### ACTIVITY
In the records below, find the line that contains "Print, Gerandoles, 1755" and the line that contains "20pc Quick change", then retype exactly those two lines and every line between them.

· · ·

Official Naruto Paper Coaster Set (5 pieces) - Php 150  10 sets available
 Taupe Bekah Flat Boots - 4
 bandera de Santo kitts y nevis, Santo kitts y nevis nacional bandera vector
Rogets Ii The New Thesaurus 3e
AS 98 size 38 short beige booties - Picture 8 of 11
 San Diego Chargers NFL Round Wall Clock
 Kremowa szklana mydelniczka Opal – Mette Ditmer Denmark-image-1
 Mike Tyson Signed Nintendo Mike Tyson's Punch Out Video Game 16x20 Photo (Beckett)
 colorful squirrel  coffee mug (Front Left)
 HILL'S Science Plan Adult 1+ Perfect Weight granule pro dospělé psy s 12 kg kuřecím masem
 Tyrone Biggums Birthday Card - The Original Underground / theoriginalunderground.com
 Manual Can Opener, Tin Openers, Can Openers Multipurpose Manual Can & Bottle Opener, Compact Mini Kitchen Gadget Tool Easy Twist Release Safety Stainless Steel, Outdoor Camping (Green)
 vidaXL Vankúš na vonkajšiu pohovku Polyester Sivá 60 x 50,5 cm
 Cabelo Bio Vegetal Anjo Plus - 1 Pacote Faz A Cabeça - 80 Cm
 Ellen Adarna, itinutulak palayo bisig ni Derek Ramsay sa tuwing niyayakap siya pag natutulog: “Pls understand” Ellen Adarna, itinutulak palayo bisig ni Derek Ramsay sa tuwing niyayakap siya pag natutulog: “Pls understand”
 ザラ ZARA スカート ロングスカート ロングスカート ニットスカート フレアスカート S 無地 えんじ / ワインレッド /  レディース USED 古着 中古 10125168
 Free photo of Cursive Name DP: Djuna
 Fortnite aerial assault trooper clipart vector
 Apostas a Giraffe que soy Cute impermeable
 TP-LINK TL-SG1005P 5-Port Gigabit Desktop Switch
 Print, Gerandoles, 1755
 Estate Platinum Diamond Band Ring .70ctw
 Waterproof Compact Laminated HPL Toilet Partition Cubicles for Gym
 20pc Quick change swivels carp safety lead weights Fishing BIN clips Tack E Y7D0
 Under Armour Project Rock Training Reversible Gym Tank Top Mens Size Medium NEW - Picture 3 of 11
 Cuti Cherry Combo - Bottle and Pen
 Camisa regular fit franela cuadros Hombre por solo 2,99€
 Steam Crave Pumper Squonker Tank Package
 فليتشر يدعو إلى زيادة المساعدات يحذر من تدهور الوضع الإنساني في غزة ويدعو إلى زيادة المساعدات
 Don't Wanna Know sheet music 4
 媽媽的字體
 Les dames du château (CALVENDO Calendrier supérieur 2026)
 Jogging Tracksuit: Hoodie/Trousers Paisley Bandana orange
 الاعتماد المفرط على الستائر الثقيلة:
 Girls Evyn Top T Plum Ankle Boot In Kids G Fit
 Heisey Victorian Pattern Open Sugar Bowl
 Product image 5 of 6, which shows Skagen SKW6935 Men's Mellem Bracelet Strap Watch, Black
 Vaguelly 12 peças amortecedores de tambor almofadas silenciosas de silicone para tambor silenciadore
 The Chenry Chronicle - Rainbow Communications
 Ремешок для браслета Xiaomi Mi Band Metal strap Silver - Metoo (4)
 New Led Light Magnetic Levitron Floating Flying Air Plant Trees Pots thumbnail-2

· · ·

### TASK SOLUTION
 Print, Gerandoles, 1755
 Estate Platinum Diamond Band Ring .70ctw
 Waterproof Compact Laminated HPL Toilet Partition Cubicles for Gym
 20pc Quick change swivels carp safety lead weights Fishing BIN clips Tack E Y7D0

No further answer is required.